# Blizzard Corn Snake << Is There such thing?



## abadi (Jul 25, 2010)

Hey all, i was struggling to post it here or in the snake section lol thought maybe ill get better answers here

Ive heard of 'Blizzard Corn Snake', ive googled it, seems pretty similar to the Snow Corn Snake
just wondering is there such thing as Blizzard Corn and is different than the known Snow Corn or are they the same with different names such as Anerythristic Corn (Charcoal Corn)

Not sure if these names (Blizzard, Charcoal) are said by americans either


----------



## Nikkeh (Jun 26, 2010)

Blizzard is pretty much just a whiter version.

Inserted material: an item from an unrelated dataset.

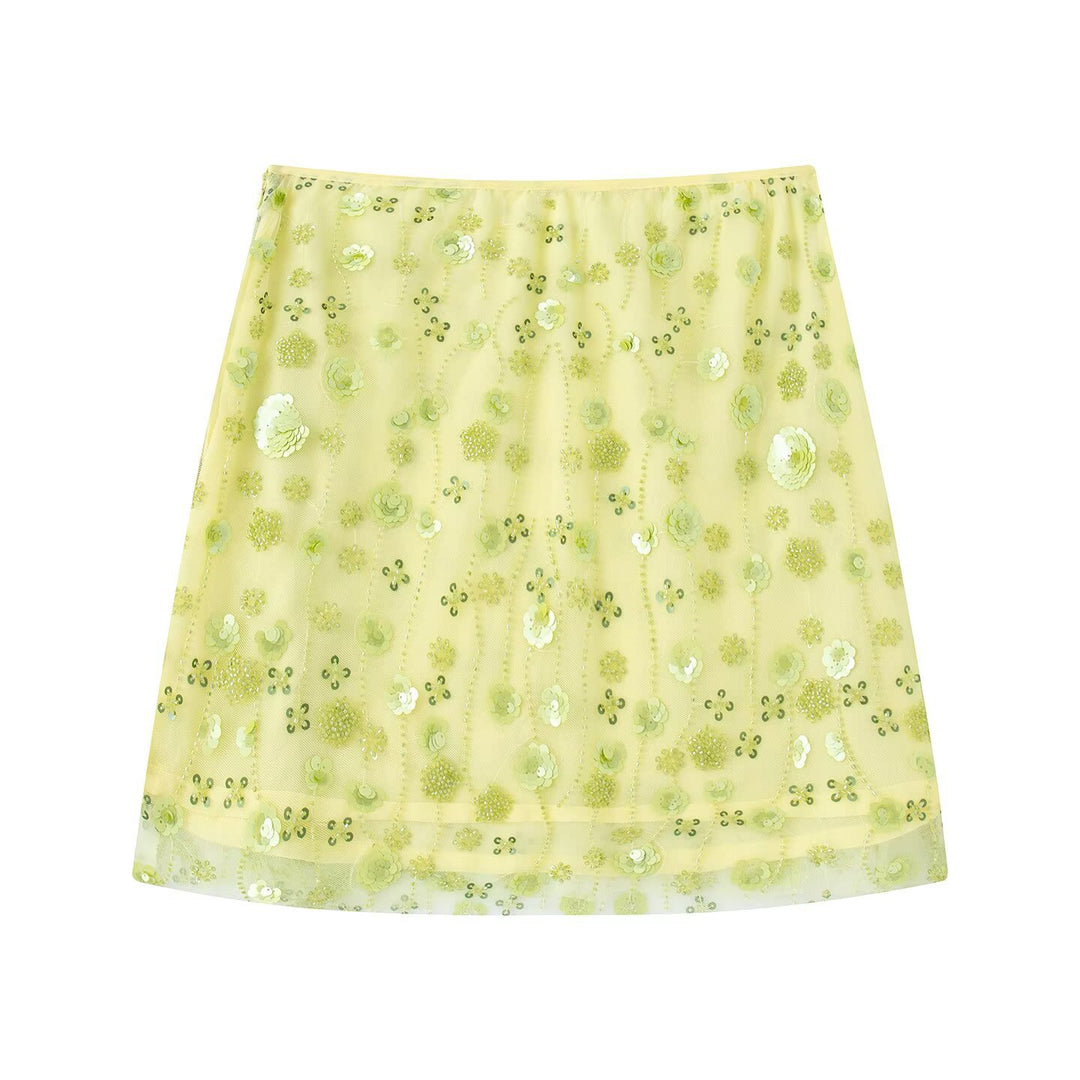 Dame mini skirt med glitrende palietter og blomstret design Skovae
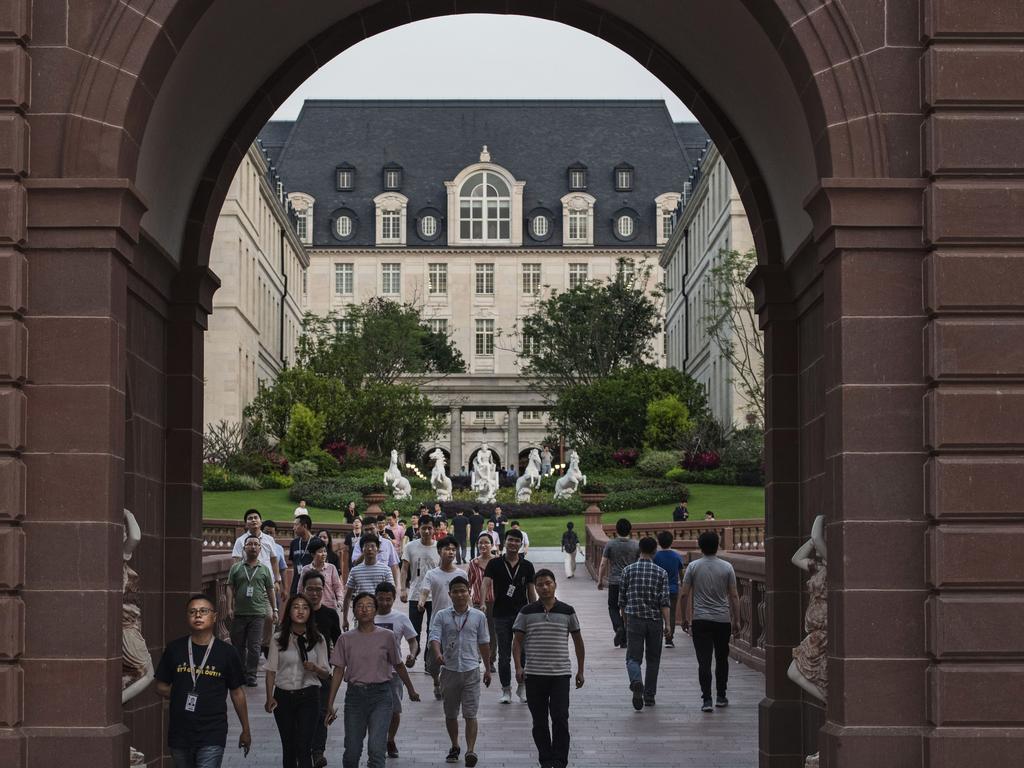 Huawei workers walk together out of the campus at the end of their 12-hour day. Picture: Getty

It doesn't have the yellowy/pinky/greeny colours you would normally find on a snow corn. But it is a different morph.


----------



## bothrops (Jan 7, 2007)

There are a few types of anerytherism...

Type A = 'the original' and known as 'anery'

Type B = 'Charcoal', these animals tend to have a little less yellow and are incompatible with Anery A (i.e. bred an anery to a charcoal and you'll get all normals het for anery and charcoal rather than more black, grey and white snakes)


There is also Type C (although this has been dropped and is now just called 'caramel') and Type D (now called 'Lavender')


A snow corn is an amelanistic 'Type A anery'

A blizzard corn is an amelanistic 'Type B anery'


For more info, check out www.iansvivarium.co.uk


Cheers

Andy


----------



## abadi (Jul 25, 2010)

bothrops said:


> There are a few types of anerytherism...
> 
> Type A = 'the original' and known as 'anery'
> 
> ...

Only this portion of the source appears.